ASSIGNMENT:
Start at the line with "YTT Y140121 |" in the records below, stop at the line with "Apartmán Močidlec - Močidlec", and return every line in that span exactly, the two end lines included.

INPUT MATERIAL:

BEGIN

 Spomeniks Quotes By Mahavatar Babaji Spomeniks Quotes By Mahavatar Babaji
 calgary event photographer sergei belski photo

END
BEGIN

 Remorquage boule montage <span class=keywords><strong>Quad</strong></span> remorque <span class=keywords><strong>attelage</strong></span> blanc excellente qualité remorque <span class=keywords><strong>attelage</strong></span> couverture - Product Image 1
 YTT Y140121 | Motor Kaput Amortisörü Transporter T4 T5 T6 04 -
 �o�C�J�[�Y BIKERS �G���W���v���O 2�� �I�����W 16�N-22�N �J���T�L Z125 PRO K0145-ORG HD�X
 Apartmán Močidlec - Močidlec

END
BEGIN

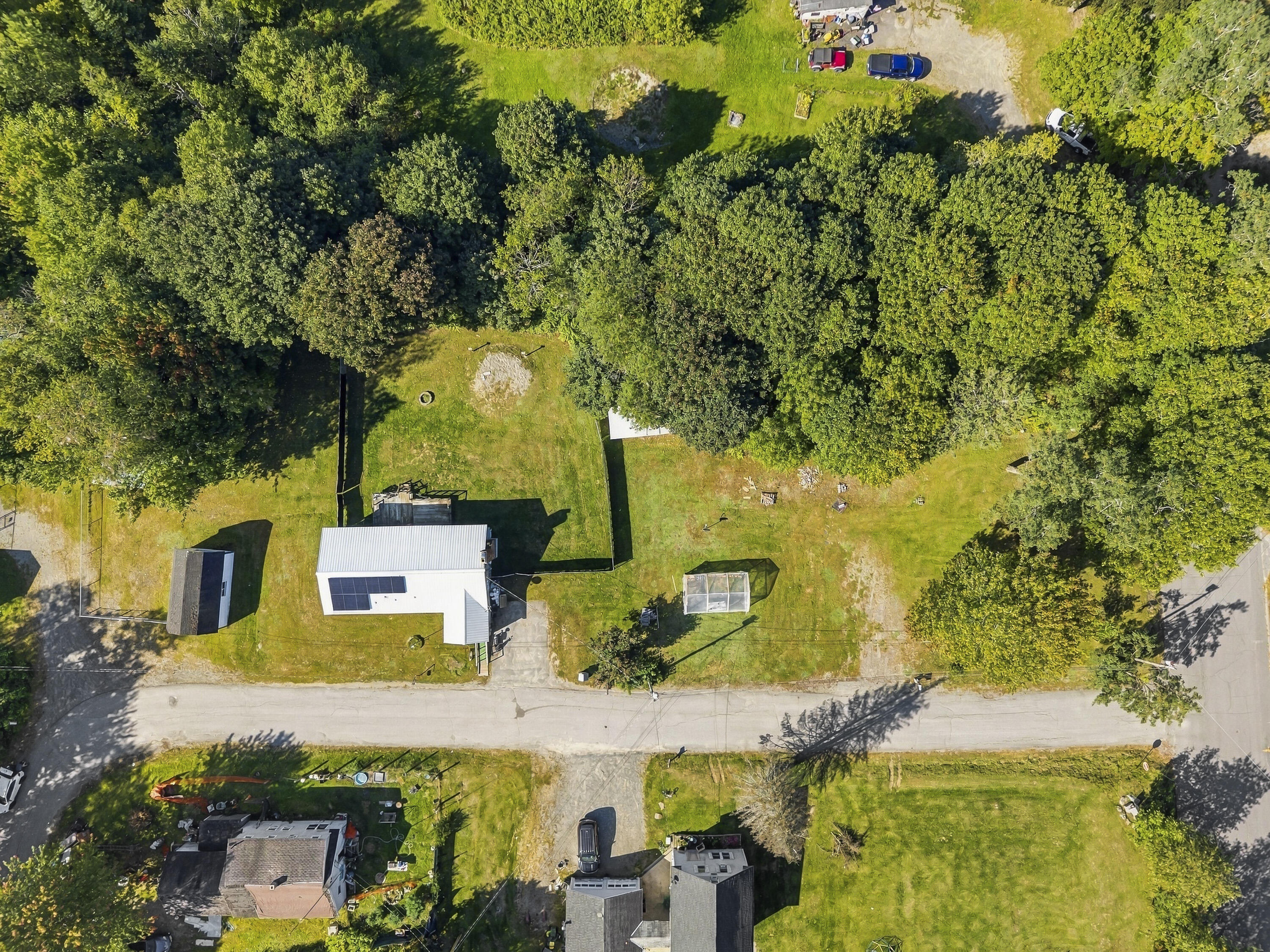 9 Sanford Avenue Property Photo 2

END

OUTPUT FOR THIS TASK:
 YTT Y140121 | Motor Kaput Amortisörü Transporter T4 T5 T6 04 -
 �o�C�J�[�Y BIKERS �G���W���v���O 2�� �I�����W 16�N-22�N �J���T�L Z125 PRO K0145-ORG HD�X
 Apartmán Močidlec - Močidlec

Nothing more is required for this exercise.